[Start of section]

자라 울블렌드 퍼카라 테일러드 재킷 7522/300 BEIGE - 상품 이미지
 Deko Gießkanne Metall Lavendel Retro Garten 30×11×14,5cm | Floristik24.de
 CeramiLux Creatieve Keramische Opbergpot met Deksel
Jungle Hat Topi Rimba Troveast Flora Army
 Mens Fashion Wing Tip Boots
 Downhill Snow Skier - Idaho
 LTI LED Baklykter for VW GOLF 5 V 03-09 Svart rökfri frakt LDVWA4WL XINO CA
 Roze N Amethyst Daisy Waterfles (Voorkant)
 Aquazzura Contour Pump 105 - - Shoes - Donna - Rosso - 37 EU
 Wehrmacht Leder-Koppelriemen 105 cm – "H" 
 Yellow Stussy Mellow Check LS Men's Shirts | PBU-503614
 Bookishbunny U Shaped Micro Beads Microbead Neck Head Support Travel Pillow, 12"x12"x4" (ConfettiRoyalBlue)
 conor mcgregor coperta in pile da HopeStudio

[End of section]

**Exercise brief**
Generate an exact reproduction of all entries.

**Exercise answer**
자라 울블렌드 퍼카라 테일러드 재킷 7522/300 BEIGE - 상품 이미지
 Deko Gießkanne Metall Lavendel Retro Garten 30×11×14,5cm | Floristik24.de
 CeramiLux Creatieve Keramische Opbergpot met Deksel
Jungle Hat Topi Rimba Troveast Flora Army
 Mens Fashion Wing Tip Boots
 Downhill Snow Skier - Idaho
 LTI LED Baklykter for VW GOLF 5 V 03-09 Svart rökfri frakt LDVWA4WL XINO CA
 Roze N Amethyst Daisy Waterfles (Voorkant)
 Aquazzura Contour Pump 105 - - Shoes - Donna - Rosso - 37 EU
 Wehrmacht Leder-Koppelriemen 105 cm – "H" 
 Yellow Stussy Mellow Check LS Men's Shirts | PBU-503614
 Bookishbunny U Shaped Micro Beads Microbead Neck Head Support Travel Pillow, 12"x12"x4" (ConfettiRoyalBlue)
 conor mcgregor coperta in pile da HopeStudio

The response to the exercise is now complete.